The Executive Office of the President (EOP)

Exploring the various agencies and councils that support the President.

Common Core State StandardsC3: D2.Civ.7.9-12C3: D2.Civ.8.9-12

About This Topic

The Executive Office of the President, created by Congress in 1939, houses the advisory bodies and staff organizations that support the President's ability to manage the executive branch. The EOP includes the White House Office (the immediate presidential staff), the Office of Management and Budget (which drafts the President's budget and coordinates regulatory review), the National Security Council (which coordinates foreign and defense policy), the Council of Economic Advisers (which provides economic analysis), and more than a dozen other offices. Together, these organizations give the President substantial institutional capacity to develop and advance policy independent of the cabinet departments.

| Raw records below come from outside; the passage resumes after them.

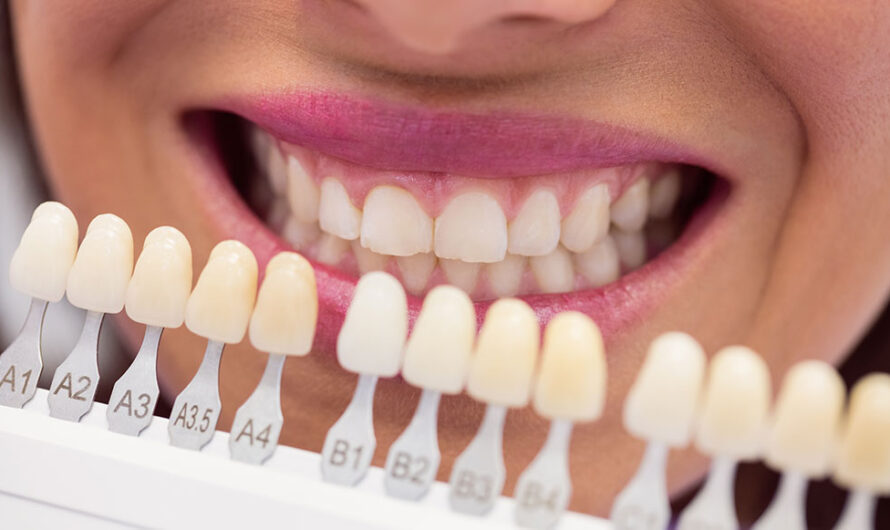 Top 5 Reasons Your Teeth Turn Yellow and How Whitening Helps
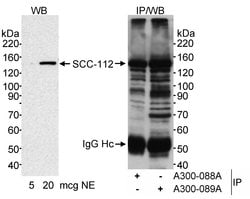 SCC-112 Rabbit anti-Human, Polyclonal, Bethyl Laboratories 100 &mu;l; Unlabeled:Antibodies,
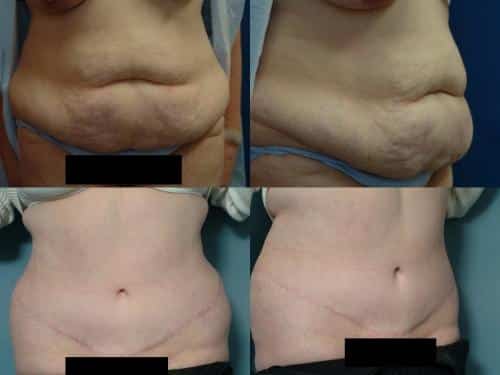 Tummy Tuck Case #691 Combined Image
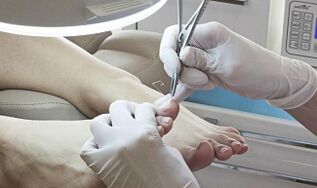 Nail cutting surgery with the presence of a mushroom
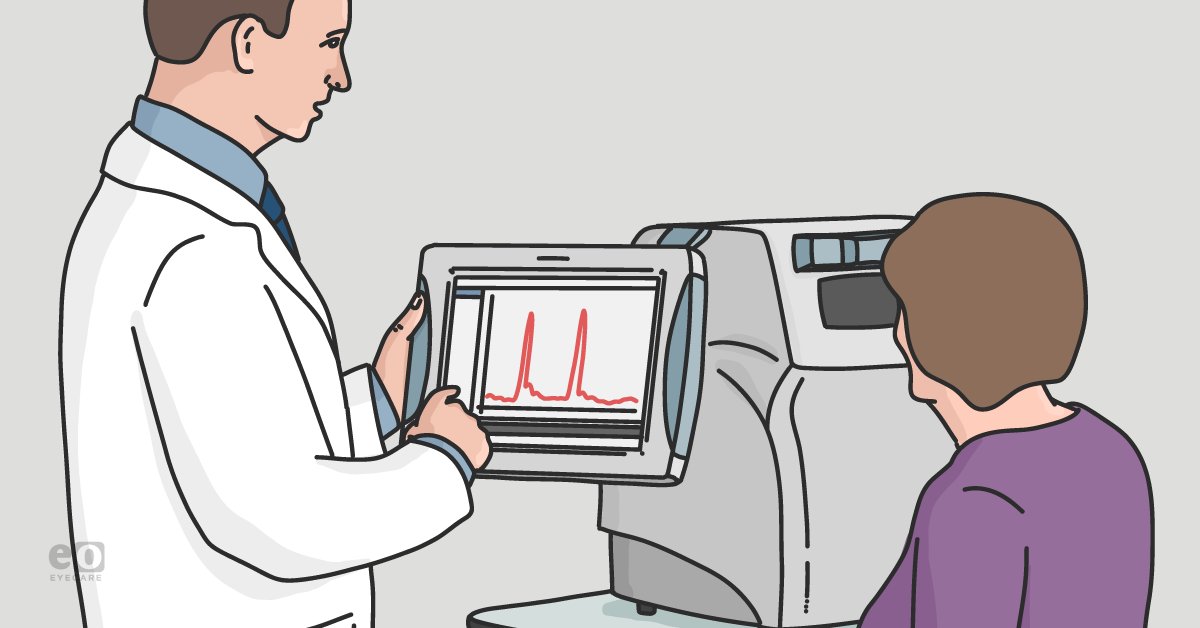 Glaucoma & Corneal Hysteresis: Going Beyond Central Corneal Thickness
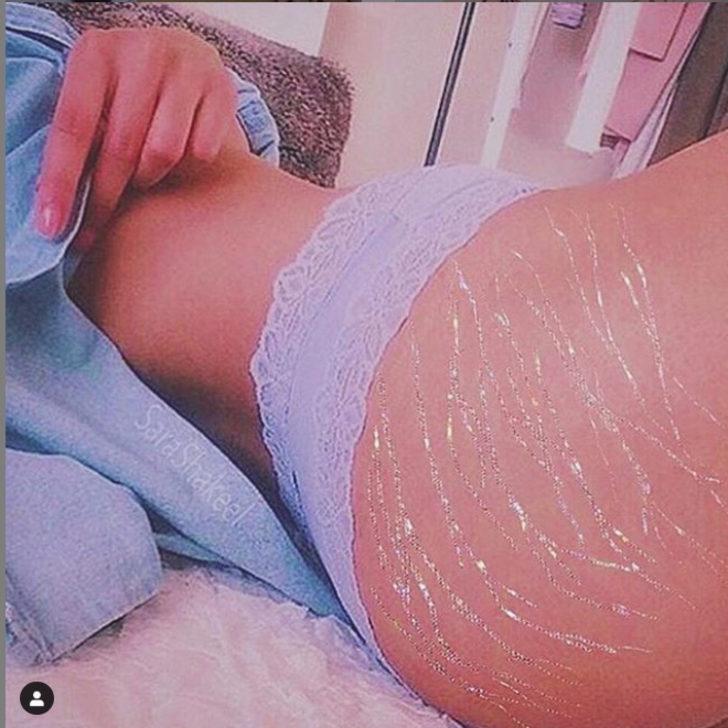 Güzellik standartlarına meydan okudular! Çatlak izlerini böyle ortaya çıkardılar  G4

Students should understand that the EOP is not part of the constitutional design. It was created by statute and executive order in response to the growing complexity of the modern administrative state. The growth of the White House staff in particular has shifted power toward the President's personal advisors and away from the cabinet secretaries who lead the departments with statutory authority. This shift raises questions about accountability, since EOP staff are not subject to Senate confirmation and typically do not testify before Congress.

Active learning methods are well-suited to this topic because the EOP's influence depends on processes and relationships that are hard to see in organizational charts. Role plays that simulate how policy proposals travel from idea to presidential decision reveal where EOP bodies actually exercise power.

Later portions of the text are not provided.